Copyright John T. Reed 2013

Revised GDP numbers say the U.S. economy grew 4.1% in the third quarter of 2013.

Does this prove all the politicians who said we would grow our way out of the debt mess we’re in were right?

Hell, no!

“Grow our way out” is the favorite explanation of the politicians as to why “printing” trillions of dollars is not financially suicidal. We cannot grow our way out of the monstrous and increasing debt we have. The debt is too big and growth—even extraordinary growth—is not big enough to catch up with spending growth and pass it so that the nation’s debt-to-GDP ratio falls.

Let’s do the math.

Here is a quote from Tradingeconomics.com:

The Gross Domestic Product (GDP) in the United States expanded at an annual rate of 4.10 percent in the third quarter of 2013 over the previous quarter. GDP Growth Rate in the United States is reported by the U.S. Bureau of Economic Analysis. From 1947 until 2013, the United States GDP Growth Rate averaged 3.2 Percent reaching an all time high of 17.2 Percent in March of 1950 and a record low of -10.4 Percent in March of 1958.

 

First we need a goal. The Eurozone requires a debt-to-GDP ratio of 60% or less to join, or at least they say they do. For want of a better number, let’s pick that 60%.
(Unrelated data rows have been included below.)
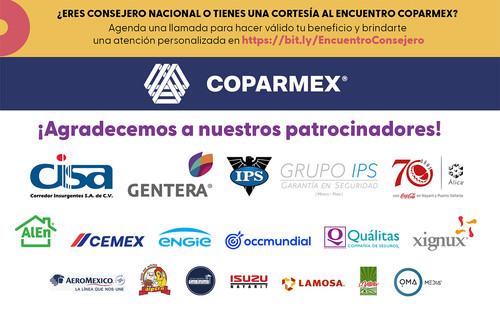 Mailing Programa 02.jpg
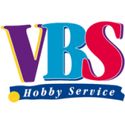 VBS Hobby Service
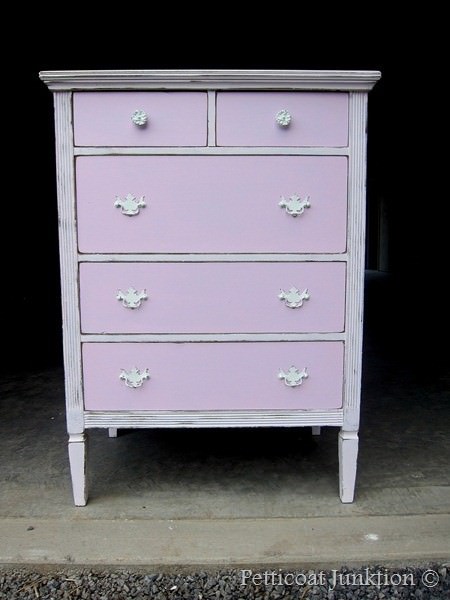 13192-pink-cotton-candy-princess.jpg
Our GDP is now $16 T. 60% of that would be 60% x $16 T = $9.6 T of U.S. national debt.

We are currently at 108% of GDP or $17.254 T of debt. http://www.usdebtclock.org/

So we need to pay down $17.254 T - $9.6 T = $7.654 T of debt. To do that in, say, 30 years we would have to pay down $7.654 T ÷ 30 years = $260 billion per year.
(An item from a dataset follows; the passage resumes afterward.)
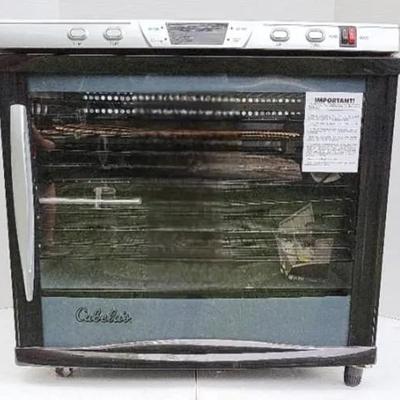 Cabela's Food Dehydrator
This year’s deficit is $653 B so we would have to run a surplus of $653B + $260 B = $913 B this year to pay down $260 B of debt.

How much additional tax revenue do we get from 4.1% GDP growth? According to Hauser’s Law, 19.5% of GDP becomes tax revenue. It matters not which party is in power or what the maximum tax rates are or any of that. 19.5%.
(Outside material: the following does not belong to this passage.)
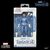 فیگور 15 سانتی آقای شگفت انگیز مارول Marvel Legends, image 9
So the incremental tax revenue from incremental GDP growth of 4.1% is 4.1% x $16 T = $660 B x 19.5% = $128.7 B of additional tax revenue.

Ooops! Not enough. We need $913 B. What growth rate would that take? $913 B ÷ 19.5% = $4.682 T of additional GDP which is a GDP growth rate of $4.682 T ÷ $16 T = 29%!

So, what is our conclusion, class?

The U.S. government and the U.S dollar are toast financially.

It will try to “print” the money to pay these massive and growing bills for as long as it can get away with it. It already is. That’s what “Quantitative Easing I, II, and III” are. That will destroy the value of all USD and USD-denominated assets around the world (About $83 T). Then they will default on U.S. bond payments. Then they will be forced to abandon most federal spending on entitlements and defense.

We cannot grow our way out of it. We cannot tax our way out of it. We cannot borrow our way out of it. We cannot “print” our way out of it. The debt is way too big for any of those “solutions” to work. The only way out is for the U.S. government to crash and burn. Only then will the American people have the political will to cut entitlement spending.